Book review: Andrew Keen has a book just out, provocatively titled, “The Cult of the Amateur: How Today’s Internet Is Killing Our Culture.” In the book, Keen launches into a tirade against YouTube, Wikipedia, the entire blogosphere, and all other user-generated or “amateur” content in our Web 2.0 world. Keen’s basic thesis is this: “[D]emocratization [on the Internet], despite its lofty idealization, is undermining truth, souring civic discourse, and belittling expertise, experience, and talent. … [I]t is threatening the very future of our cultural institutions” (15). Yes, according to Keen, YouTube is a big part of the problem.
Over the next few days, I’ll be reviewing this book. Today, let me begin with two points.
1. The rhetoric in the book. It’s filled with punchy writing and clever turns of phrase. The rhetoric is often fun to read, in part because it’s so over-the-top. But I think the rhetoric ultimately undermines Keen’s own message. Keen says he wants more detailed, reasoned professional analysis. But his own book sensationalizes stories and speaks with the same kind of overgeneralizations and rantings that Keen criticizes on amateur blogs. Keen is taking a contrarian view on Web 2.0, and because his book is being mass-marketed, he’s more likely to sell books if his position is more sensationalized or extreme.
2. Is Keen himself an amateur?: Keen decries the amateur and hails the professional expert as the source of “truth” (more on truth in a later post). But what kind of expert is Keen? From his own bio, he’s a Silicon Valley entrepreneur who once was a CEO of a dot com and who now is CEO of “afterTV LLC, a firm that helps marketers optimize their brand desirability in the post-TV consumer landscape.” Oh, and, of course, Keen has his own blog.
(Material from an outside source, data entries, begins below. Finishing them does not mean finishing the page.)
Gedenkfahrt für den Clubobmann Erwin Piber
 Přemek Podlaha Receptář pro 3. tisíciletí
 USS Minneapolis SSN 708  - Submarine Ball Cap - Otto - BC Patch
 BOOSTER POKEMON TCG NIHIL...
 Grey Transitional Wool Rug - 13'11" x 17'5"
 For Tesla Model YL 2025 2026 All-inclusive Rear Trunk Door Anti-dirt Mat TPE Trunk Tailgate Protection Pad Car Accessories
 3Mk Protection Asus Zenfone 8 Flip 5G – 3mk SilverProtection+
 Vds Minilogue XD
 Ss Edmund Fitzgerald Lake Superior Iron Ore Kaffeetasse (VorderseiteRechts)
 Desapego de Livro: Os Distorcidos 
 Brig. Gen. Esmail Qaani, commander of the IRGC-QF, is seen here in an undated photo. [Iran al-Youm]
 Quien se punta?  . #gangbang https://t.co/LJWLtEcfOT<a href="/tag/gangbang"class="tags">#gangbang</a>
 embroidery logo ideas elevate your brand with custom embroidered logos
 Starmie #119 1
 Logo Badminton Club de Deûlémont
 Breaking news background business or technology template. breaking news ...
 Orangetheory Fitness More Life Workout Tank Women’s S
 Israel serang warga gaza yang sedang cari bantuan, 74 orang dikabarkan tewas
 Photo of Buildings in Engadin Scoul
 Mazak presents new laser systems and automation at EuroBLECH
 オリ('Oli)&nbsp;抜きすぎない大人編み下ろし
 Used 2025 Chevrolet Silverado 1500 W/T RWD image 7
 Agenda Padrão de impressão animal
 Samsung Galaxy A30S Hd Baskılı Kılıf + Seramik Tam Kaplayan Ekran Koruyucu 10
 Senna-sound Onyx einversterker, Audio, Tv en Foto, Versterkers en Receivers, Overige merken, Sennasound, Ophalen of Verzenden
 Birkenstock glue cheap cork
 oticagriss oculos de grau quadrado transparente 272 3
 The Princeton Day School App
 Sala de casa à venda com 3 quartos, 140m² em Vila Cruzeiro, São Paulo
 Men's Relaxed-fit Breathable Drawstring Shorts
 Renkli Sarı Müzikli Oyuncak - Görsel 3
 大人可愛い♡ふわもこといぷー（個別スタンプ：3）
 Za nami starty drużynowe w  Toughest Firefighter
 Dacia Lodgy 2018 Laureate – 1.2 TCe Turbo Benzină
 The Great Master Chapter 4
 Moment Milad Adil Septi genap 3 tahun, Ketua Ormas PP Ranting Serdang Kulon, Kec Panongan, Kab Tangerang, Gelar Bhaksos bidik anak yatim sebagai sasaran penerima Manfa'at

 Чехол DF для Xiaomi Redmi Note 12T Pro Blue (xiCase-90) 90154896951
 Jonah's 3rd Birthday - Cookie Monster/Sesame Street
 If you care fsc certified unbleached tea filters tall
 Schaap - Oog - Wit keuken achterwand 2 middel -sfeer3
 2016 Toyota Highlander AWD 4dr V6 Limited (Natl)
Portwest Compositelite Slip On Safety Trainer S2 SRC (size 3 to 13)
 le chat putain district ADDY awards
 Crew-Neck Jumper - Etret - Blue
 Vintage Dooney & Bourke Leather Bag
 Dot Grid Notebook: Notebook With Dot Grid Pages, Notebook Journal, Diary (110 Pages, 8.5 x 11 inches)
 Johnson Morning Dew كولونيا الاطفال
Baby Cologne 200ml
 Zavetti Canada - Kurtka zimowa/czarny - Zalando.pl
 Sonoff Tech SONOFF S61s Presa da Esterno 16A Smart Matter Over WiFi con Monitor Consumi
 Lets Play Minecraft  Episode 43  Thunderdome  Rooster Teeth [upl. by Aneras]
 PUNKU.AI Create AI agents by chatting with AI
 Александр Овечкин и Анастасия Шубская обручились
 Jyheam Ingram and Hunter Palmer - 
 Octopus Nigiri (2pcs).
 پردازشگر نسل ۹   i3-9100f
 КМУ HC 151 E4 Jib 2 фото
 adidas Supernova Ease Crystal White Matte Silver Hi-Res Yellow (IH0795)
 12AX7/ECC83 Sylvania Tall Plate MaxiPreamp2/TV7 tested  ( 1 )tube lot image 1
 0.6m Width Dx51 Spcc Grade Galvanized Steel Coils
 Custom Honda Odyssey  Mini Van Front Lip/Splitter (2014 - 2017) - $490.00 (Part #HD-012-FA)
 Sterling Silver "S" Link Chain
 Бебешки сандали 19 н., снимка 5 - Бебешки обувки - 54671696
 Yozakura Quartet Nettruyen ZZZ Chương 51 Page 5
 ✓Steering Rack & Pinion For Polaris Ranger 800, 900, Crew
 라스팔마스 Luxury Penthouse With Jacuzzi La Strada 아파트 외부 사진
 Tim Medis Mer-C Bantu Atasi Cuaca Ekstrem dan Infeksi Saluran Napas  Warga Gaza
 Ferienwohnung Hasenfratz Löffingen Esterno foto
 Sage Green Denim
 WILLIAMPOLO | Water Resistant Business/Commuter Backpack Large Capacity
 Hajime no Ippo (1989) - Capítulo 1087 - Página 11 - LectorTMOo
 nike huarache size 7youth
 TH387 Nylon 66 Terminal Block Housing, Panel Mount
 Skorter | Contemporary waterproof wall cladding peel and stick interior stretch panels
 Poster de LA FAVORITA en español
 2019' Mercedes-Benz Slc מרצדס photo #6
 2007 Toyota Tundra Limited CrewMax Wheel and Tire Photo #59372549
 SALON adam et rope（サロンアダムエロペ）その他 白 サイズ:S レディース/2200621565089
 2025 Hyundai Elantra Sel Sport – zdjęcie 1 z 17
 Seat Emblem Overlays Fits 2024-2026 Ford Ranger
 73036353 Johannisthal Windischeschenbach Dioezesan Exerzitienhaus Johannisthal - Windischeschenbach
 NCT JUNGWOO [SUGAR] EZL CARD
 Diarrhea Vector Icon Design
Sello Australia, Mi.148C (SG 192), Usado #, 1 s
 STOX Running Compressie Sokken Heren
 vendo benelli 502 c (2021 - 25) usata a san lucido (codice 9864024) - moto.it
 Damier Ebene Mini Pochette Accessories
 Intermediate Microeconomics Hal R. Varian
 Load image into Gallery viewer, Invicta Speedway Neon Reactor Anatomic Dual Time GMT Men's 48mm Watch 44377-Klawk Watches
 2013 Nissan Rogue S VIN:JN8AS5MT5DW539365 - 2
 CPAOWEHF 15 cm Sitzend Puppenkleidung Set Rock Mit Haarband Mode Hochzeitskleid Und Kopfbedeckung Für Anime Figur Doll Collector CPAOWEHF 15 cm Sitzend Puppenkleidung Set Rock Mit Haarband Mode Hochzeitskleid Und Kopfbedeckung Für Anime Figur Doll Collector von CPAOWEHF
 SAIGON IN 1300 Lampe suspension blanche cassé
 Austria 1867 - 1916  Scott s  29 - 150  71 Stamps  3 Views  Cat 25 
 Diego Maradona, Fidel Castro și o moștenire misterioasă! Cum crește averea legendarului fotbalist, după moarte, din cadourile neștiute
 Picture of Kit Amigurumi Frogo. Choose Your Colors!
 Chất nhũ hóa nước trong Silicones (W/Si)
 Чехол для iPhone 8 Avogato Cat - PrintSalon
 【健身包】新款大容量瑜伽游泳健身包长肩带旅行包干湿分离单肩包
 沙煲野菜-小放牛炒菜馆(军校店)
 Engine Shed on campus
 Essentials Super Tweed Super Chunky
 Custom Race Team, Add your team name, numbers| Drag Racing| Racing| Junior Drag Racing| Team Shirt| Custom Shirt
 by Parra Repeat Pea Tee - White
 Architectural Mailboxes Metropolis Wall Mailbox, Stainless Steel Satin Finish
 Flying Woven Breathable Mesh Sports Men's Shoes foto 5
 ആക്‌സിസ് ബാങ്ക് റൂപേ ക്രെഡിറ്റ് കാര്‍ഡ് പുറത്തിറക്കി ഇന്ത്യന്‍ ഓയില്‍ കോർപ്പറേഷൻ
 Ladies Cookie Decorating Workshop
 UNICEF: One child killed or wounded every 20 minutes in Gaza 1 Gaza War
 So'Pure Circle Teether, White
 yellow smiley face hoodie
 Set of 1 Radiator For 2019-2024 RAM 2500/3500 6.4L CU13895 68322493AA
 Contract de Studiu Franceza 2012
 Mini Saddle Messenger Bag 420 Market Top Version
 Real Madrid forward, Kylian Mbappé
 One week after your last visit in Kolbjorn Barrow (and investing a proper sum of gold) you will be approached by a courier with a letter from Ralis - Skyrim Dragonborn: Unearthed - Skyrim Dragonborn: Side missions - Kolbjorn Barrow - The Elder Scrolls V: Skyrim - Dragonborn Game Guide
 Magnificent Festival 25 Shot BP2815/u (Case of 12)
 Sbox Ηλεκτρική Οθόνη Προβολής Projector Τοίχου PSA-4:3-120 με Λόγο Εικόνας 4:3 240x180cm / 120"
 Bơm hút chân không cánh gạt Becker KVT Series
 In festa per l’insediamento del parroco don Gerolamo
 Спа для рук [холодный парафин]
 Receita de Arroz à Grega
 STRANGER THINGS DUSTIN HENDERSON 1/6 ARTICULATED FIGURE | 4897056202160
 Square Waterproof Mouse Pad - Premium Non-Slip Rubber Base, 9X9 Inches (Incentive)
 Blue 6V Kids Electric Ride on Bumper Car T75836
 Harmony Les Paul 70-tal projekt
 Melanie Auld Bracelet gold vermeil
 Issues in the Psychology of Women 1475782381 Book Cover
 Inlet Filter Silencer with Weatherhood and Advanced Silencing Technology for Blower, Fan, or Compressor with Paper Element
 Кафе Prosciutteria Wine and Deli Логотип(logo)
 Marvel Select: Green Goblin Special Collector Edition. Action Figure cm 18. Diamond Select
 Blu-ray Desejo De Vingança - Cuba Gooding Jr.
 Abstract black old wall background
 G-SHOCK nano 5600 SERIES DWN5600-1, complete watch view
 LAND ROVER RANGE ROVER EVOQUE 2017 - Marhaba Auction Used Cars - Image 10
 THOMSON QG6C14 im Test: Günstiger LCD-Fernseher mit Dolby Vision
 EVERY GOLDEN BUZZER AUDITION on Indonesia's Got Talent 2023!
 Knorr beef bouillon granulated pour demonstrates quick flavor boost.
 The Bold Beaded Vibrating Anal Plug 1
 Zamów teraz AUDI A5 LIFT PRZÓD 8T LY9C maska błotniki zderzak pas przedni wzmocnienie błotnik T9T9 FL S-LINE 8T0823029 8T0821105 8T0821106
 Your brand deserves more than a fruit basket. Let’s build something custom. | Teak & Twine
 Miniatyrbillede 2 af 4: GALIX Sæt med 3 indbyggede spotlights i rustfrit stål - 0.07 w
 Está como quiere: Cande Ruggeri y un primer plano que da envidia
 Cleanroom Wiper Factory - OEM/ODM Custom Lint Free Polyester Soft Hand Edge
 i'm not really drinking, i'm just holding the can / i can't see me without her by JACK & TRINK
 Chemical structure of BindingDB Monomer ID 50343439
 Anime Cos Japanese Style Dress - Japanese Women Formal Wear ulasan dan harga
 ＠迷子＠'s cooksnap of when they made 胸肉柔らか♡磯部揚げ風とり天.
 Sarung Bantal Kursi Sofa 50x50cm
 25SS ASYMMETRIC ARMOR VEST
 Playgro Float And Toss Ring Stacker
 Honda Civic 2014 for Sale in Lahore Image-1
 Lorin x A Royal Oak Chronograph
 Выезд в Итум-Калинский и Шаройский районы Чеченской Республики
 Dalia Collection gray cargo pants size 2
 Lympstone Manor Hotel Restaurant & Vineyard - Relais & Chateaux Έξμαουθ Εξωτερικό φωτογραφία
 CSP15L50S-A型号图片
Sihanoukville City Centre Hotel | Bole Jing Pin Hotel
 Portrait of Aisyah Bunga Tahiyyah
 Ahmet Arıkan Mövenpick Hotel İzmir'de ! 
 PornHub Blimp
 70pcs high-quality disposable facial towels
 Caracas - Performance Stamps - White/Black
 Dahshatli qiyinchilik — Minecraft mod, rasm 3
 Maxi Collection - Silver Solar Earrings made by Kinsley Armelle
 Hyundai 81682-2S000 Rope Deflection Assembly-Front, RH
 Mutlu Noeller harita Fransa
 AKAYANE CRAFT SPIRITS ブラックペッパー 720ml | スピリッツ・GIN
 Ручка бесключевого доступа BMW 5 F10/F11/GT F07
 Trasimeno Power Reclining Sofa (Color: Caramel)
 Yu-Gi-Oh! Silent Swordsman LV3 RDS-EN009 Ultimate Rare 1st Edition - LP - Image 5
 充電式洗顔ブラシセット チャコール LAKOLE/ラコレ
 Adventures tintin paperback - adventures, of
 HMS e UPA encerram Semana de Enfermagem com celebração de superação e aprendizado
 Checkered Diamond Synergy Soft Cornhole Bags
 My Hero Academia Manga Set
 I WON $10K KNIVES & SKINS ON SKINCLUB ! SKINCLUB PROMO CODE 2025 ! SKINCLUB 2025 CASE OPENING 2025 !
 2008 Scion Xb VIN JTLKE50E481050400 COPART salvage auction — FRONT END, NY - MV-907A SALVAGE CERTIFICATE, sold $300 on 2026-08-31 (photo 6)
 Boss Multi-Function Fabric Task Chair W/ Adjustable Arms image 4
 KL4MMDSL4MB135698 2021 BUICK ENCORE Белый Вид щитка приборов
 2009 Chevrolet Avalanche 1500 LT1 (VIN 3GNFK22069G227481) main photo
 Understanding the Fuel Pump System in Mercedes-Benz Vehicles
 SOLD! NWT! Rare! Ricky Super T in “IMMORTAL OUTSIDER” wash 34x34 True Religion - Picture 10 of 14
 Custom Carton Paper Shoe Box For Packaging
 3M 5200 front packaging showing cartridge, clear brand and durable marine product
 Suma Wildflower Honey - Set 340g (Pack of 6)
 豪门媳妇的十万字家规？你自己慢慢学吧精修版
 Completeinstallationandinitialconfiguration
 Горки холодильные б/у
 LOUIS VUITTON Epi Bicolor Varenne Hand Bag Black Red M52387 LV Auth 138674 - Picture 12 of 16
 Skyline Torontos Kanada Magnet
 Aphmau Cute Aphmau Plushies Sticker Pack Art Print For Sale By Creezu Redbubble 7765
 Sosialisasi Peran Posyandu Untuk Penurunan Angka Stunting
OK, so does that make Keen an expert in democracy, freedom of the press, journalism, the entertainment industry, the music industry, intellectual property, libel law, click fraud, identity theft, and child predators–topics all covered in his book? My point is not to attack Keen’s credentials, but to question his overall argument in his book–that “amateur” productions should be kept in check because they are ruining “our culture” (more on “our culture” later). If that were the rule, his book shouldn’t have been published at all. The people at Doubleday should have edited out any bit of material for which Keen had no expertise.